Ia menilai performa kendaraan jenis ini belum cocok untuk semua kondisi jalan, terutama yang medannya menanjak.
Selain itu aspek keamanan pun turut menjadi perhatian. Sejumlah insiden kebakaran, termasuk yang melibatkan mobil listrik Wuling Air EV, telah memicu kekhawatiran di kalangan pengguna.
Syahidah Izzata, karyawan swasta, mengungkapkan keraguannya terhadap sistem perlindungan motor listrik.
“Saya penasaran sama teknologinya. Sebetulnya ada apa tidak teknologi yang mencegah kendaraan listrik terbakar. Kalau ada, kenapa masih terbakar,” tanyanya.
Menanggapi hal tersebut, juru bicara komunitas kendaraan listrik Kosmik, Hendro Sutono, menyatakan bahwa keraguan publik merupakan hal yang wajar. Namun menurutnya, kekhawatiran itu tidak perlu dibesar-besarkan.
“Memang ada motor listrik yang tidak kuat nanjak, itu benar kita tidak menyalahkan, tapi ada juga yang kuat nanjak. Itu tergantung desain awal, kalau tidak didesain untuk jalanan penuh tanjakan, ya tidak akan kuat nanjak,” jelas Hendro.
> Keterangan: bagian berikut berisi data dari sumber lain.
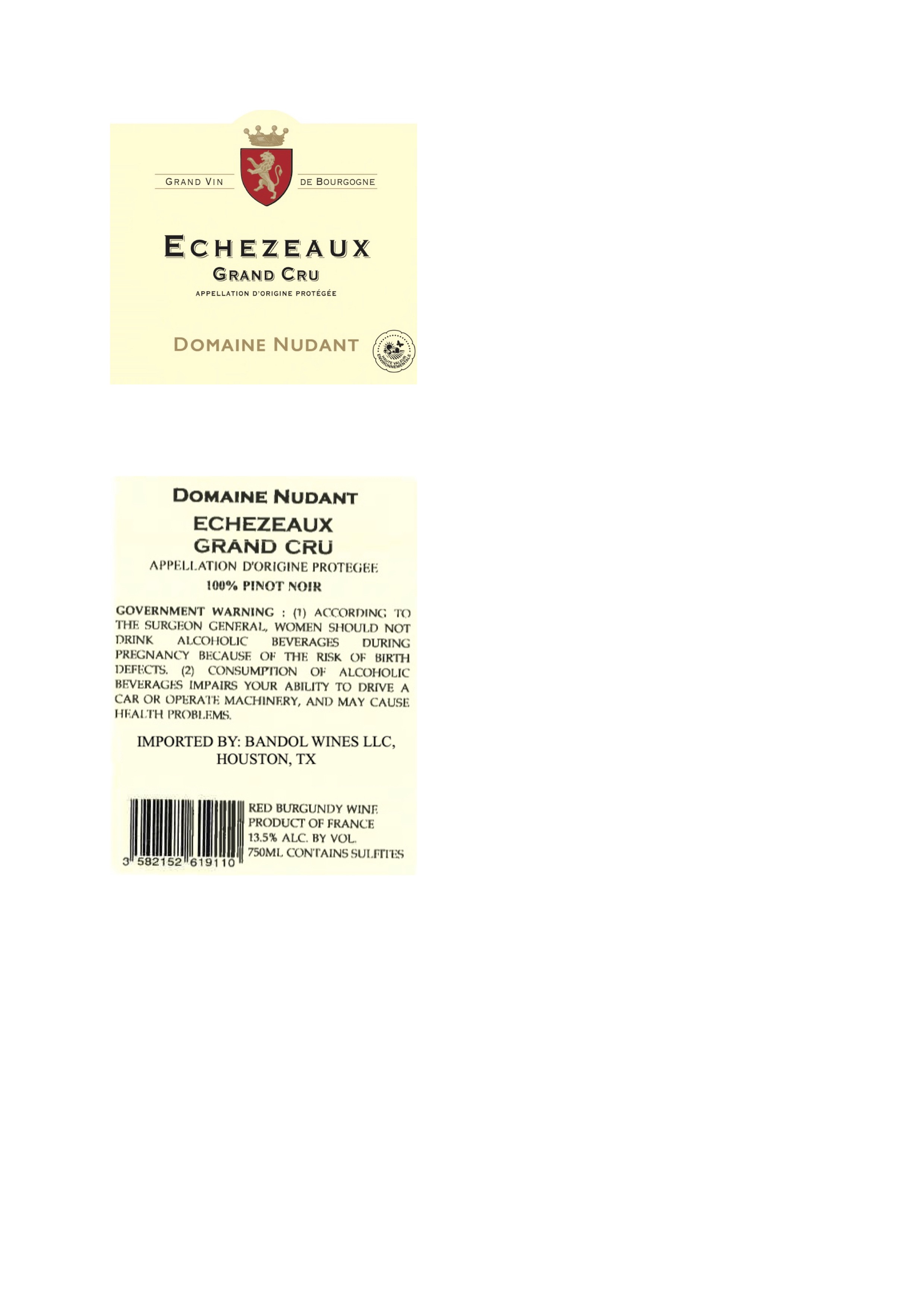 TABC label artwork for DOMAINE NUDANT ECHEZEAUX GRAND CRU PINOT NOIR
Ia mencontohkan motor matik konvensional seperti Yamaha NMax yang memang dirancang untuk medan perkotaan. Menurutnya, performa kendaraan bisa menurun jika dipakai di medan yang tidak sesuai peruntukannya, seperti jalur ekstrem atau off-road.
Hendro juga mengingatkan bahwa risiko kebakaran bukan hanya dimiliki kendaraan listrik.
“Kebakaran bisa terjadi pada kendaraan apa saja, bahkan mobil sekelas Lamborghini,” ujarnya.
Terlepas dari tantangan yang ada, peningkatan edukasi dan sosialisasi mengenai teknologi motor listrik diyakini dapat mendorong penerimaan publik terhadap kendaraan ramah lingkungan ini di masa mendatang.